Learning to fly a plane is not as hard as you might think. At Attitude Aviation we can help you train from a basic Private Pilot license through ATP (Airline Transport Pilot).  All of our aircraft are equipped with state of the art Garmin GTN 650 or 750 radios and many with glass cockpits.

Let Attitude Aviation Train You

Private Pilot

When you’ve flown your computer all you care to, and it’s time to do it for real … Learn to fly! Get your Private Pilot’s License at Attitude Aviation!


Be careful when comparing flight schools. We’ll never tell you to totally ignore prices on anything, but price should not be the determining factor when you are looking for a flight school. Learning to fly isn’t like learning golf or tennis. When you learn to fly, you are learning a skill which will allow you to fly yourself, your friends, and your loved ones safely. Choose your training provider carefully. Flight training is not the place to economize.

Prices can be hard to compare. Most people take more than the minimum 40 hours to get their license. The total price is usually somewhere between $8,000 and $12,000, depending mostly on which aircraft you choose to train in and, honestly, how much effort you put into your training.

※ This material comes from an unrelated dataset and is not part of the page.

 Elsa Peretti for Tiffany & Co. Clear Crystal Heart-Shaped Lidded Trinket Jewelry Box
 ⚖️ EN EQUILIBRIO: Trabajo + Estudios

Realistically, most people take 50 to 60 hours for training, checkride preparation, refresher training, or just having fun. Also, you might choose to train in a higher priced aircraft or with an instructor whose credentials justify a higher instructor fee. We operate on a “pay-as-you-fly” basis, so the costs can be spread out over several months or more to lessen the impact on your budget.

Remember though, safety and quality of instruction should be the major players in your deliberations on which school to choose. You are learning a skill which will keep you and passengers safe. Do not economize on your training. Visit each school under consideration, check out the condition of their aircraft and facilities, talk to the management and the instructors, then make up your mind. Visit Attitude last. You’ll see the difference.

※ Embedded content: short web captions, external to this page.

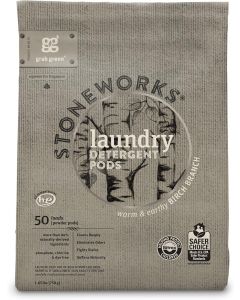 Grab Green Stoneworks Laundry Detergent Pods Pack of 1, Bundle of 2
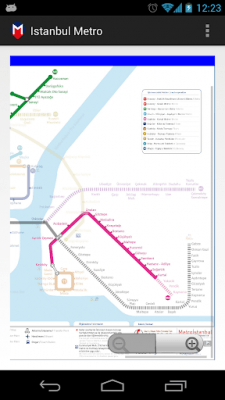 Screenshot of the application Istanbul Metro - #2
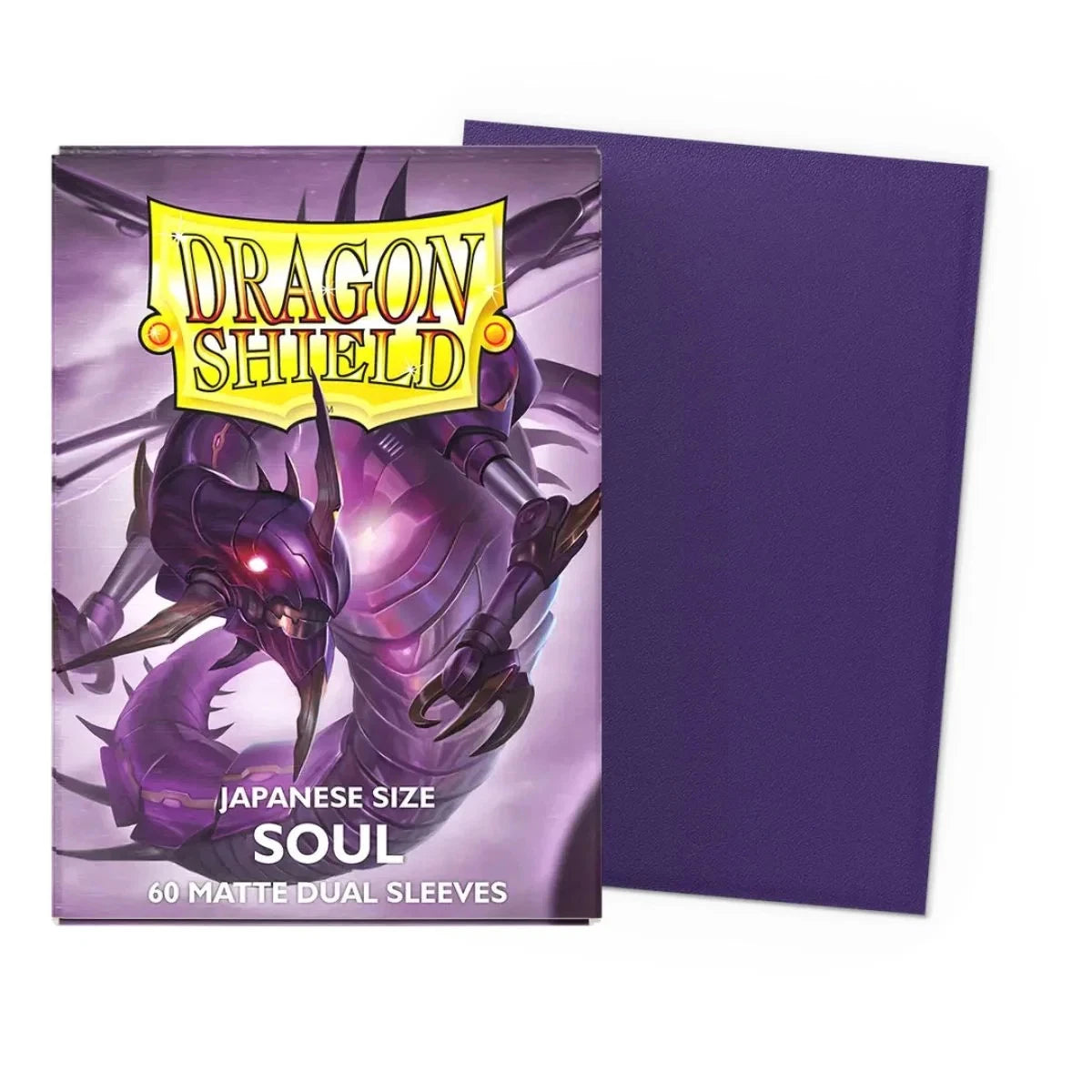 Dragon Shield Dual Matte Sleeves – Soul – Japanese Size (60 Sleeves)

Private Pilot Instruction Aircraft

You should train in the type of aircraft you will usually fly later. Our instructors set their own rates, but they’re generally $70-80 per hour for ground and flight instruction. The price depends on the experience and qualifications of the instructor you choose. By the way, you’ll find the experience level high at Attitude, regardless of the instructor you choose. Also, our instructor force is very stable, without a lot of staff turnover, so you’ll probably fly with only one or two instructors during your training. That’s a good thing.


The FAA requires a written test, a practical test (a check ride) and a minimum of 40 hours flying training: 20 hours Dual (with an instructor), 10 hours Solo and 10 hours which may be Dual or Solo. Most students take more than that, however, so the national average is 50-60 hours. In that time, you’ll develop basic flying skills, including how to takeoff and land and maneuver your aircraft, how to fly at night, navigate cross country, and even fly in the clouds. If you train with us at Attitude, you’ll also have the opportunity to receive emergency maneuver training, spin proofing and basic aerobatics in aircraft most schools don’t even have available. And, by the way, you’ll have fun!

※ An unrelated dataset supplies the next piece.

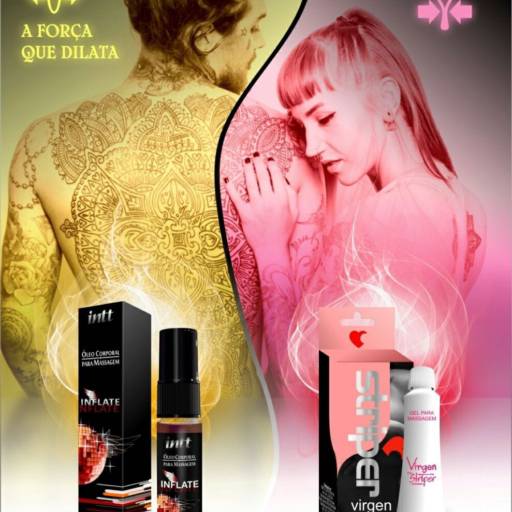 Stripper Virgin e Inflate por Milla Sex Shop Delivery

Private Pilot Ground School

Our Private Pilot Ground School is a fantastic bargain.  It’s a terrific and efficient way to get the academics you need to prepare for your written test and practical test. It’s 15 weeks long, one night a week, generally two hours per night. The class meets on Wednesdays at 6:30 p.m. This is not a quickie, how-to-pass-the-test course. We want you to really learn the material; you’ll be a better pilot for the experience.

Attitude’s Private Pilot Ground School is very different from those at other flight schools. First of all, once you pay your tuition, you’re a class member forever. You may attend the Attitude classes for as long as you like, repeating any or all classes as many times as you like, and you’ll always be welcome back for refresher training at no additional cost. Also, we have structured the training into discrete blocks. Each class is self-contained and has no prerequisites, so you can join the class at any point in the course and not feel left behind. The schedule of classes and the subjects covered in each class are published, so if you miss a class (who doesn’t?) you’ll know exactly what you missed, and you may pick it up on the next rotation.

Commercial Pilot

Ready to start making some money with your flying? Then you’re going to need a Commercial Pilot License.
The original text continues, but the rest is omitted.